一口で言えば、建築工事を請け負った業者が、自分は何もせず(あなたとの窓口になっているだけで)、工事はそっくり下請け業者に任せてしまうことです。
これにどういう問題があるかというと、あなたから請け負った業者(元請け)は何もしないのにしっかリピンハネします。
それを受けた下請け業者は、適正以下の価格で工事をするので必ず手抜きをする、という悪循環に陥るわけです。
建築工事は複雑な工程を踏み、さまざまな業種が作業を分担して行うものなので、請け負った業者が工事をまったく外注しないということはほとんどありません。
その意味で建築工事は外注産業といっていいのですが、そうした工程ごとに作業を外注するのを丸投げとはいいません。
繰り返しますが、丸投げは工事を全部外注してしまうことです。
「そんなケースは少ないだろう」と思うかも知れませんが意外に多いのです。
すると、あなたは、もっと安く買えるはずのマイホームを高く買ってしまうことに……。
そればかりでなく、どこかに手抜きが潜む可能性が高い住宅を買ったことになります。
中には、契約書に丸投げすることが堂々と書かれている場合もあります。
といっても素人にはわからないようになっています。
「協力会社が施工する」などという表現がそれで、その協力会社がどこなのかまでは書いてありません。

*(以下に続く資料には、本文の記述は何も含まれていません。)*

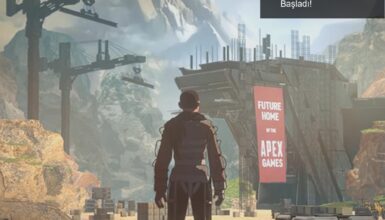 Apex Legends’ta Yeni Voidwalker Etkinliği Başladı!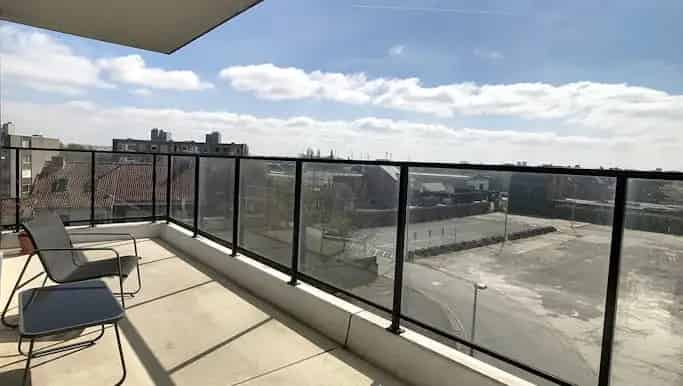 Appartement te huur Roeselare 2 slaapkamers terras garage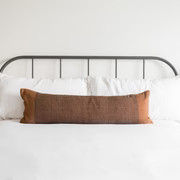 Alli - 22" Moroccan Pillow Cover | Woven Nook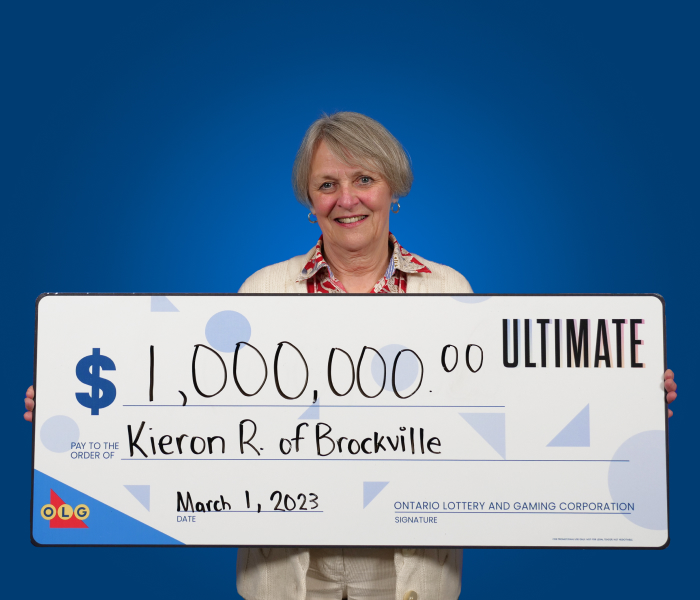 Photo of INSTANT ULTIMATE Winner Kieron R.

こんな場合はどこが施工するのかきっちり確かめておくことが大事です。
というよりもむしろ、そんな曖味な業者と契約しないで、もっと明快な契約書を用意している業者を選択するのが正解です。
マンションや建売りにも、この丸投げが少なからずあります。
やはり生じる弊害は同じで、高い買い物、悪い買い物になる可能性が高くなります。
ただ、丸投げかどうかがわかりにくいのが難点で、これを見抜くにはプロの目に頼るのが一番でしょう。
一般論としてマンションの場合は、小規模なマンションでとくに高級でもないのに大手ゼネコンが施工業者になっているときは、やや疑間の目で見るのがよさそうです。
デベロッパーは、いろいろなしがらみから実績のない建設業者を使わなければならない場合があり、そうしたとき形式的に大手ゼネコンを冠にすえることがあるからです。
こんなとき大手ゼネコンは何もしません。
何もしないで冠料だけ取りますから、割高物件になるというわけです。
大手ゼネコンの名前があっても購入者には何のメリットもなく、むしろ名前を借りなければならない程度の業者が施工しただけ、品質が劣ると見なければなりません。